As supply chains continue to become a more integrated part of the enterprises they serve, managers can no longer ignore the importance of big data and predictive analytics. This data must not only be harvested and analyzed, but changes must occur afterwards. If a process is found to be inefficient, it must be improved as soon as possible.
Supply chains are also finding that collecting data is not just about quantity, but also speed. Data can go stale quickly. The longer the gap between when data is collected and when it's analyzed, the less accurate it is. The ability to gather information in real time means that managers must react to it nearly as rapidly. Responding to supply chain challenges expeditiously improves customer service, reduces costs and raises profits.

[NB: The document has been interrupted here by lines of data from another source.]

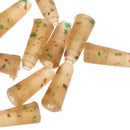 20pcs Rubber Buffer Beads Knot Protectors for Carp Fishing Hair Rig Making
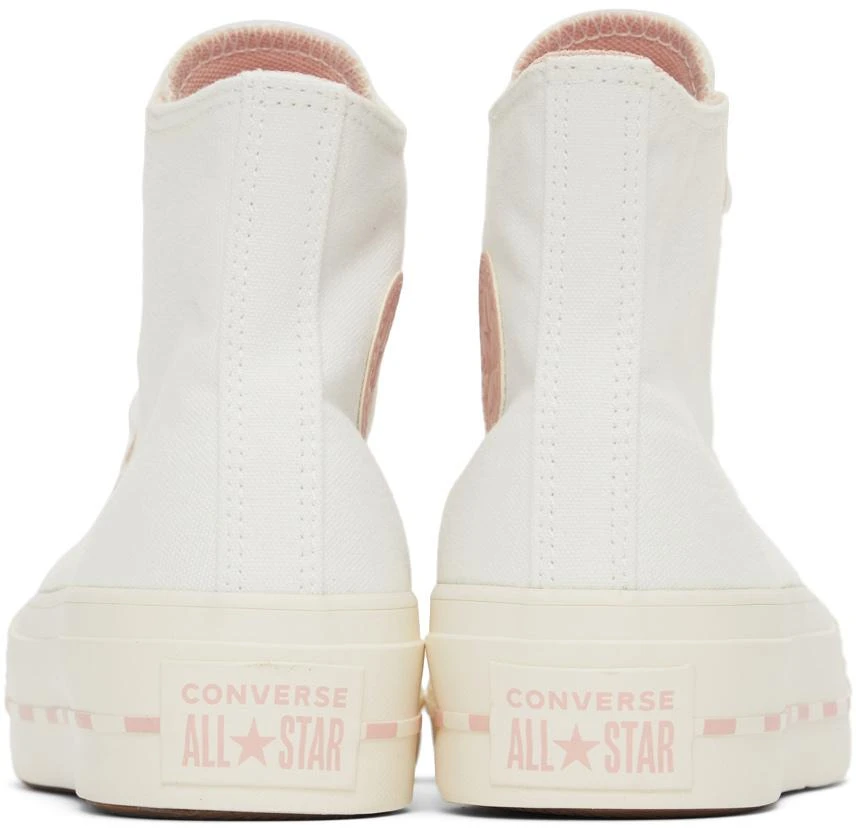 商品Converse|White Chuck Taylor All Star Platform Hi Sneakers,价格¥202,第4张图片详细描述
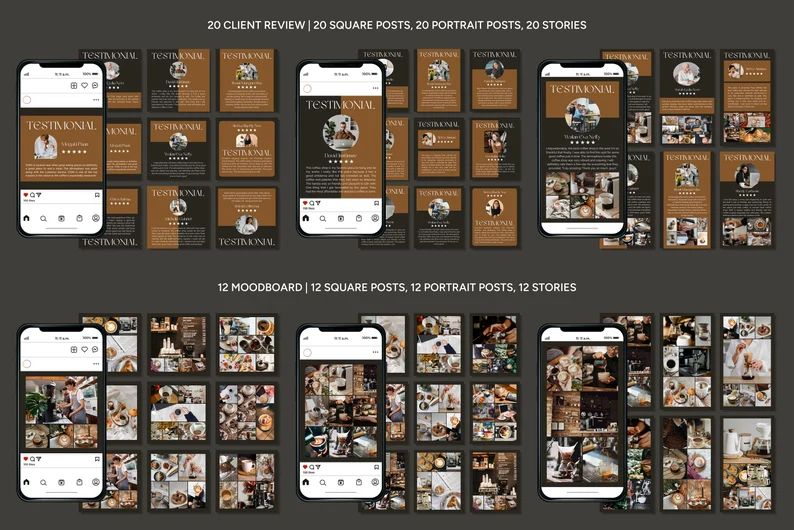 Instagram templates for coffee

According to EBN, detailed research by IndustryARC predicts that the global big data market could reach $40.4 billion by 2018. The greatest investment in big data for supply chains in 2012 was made by companies in the manufacturing and services industries. Each accounted for roughly one-quarter of big data spend, followed closely by the retail industry.
Data Collection Key to Growing Enterprises
New methods of collection in the warehouse not only harvest data that can be used for analytical purposes in the office, but also save time on the warehouse floor. While the data can be used to improve processes, the method of collecting - with barcode scanning software and other technologies - frees up employees to focus on other tasks. This cuts down on time spent logging information from paper systems and greatly reduces the number of errors as well.
Other cost-saving measures of data collection come in the ability to improve inventory control and track merchandise before and after it has left the warehouse. This makes recalls easier and quicker to perform, reducing costs, fines and penalties. A fast recall also helps maintain current levels of brand reputation.
As a business grows, automated data collection can keep pace with increased volume without significant increases in resources or staff. While more employees may be needed to fill other positions in the warehouse, they can be trained more quickly and measured more effectively with new tools and software. Their training can also focus on the more skilled portions of the position, instead of how to accurately collect and record data with a paper-based system.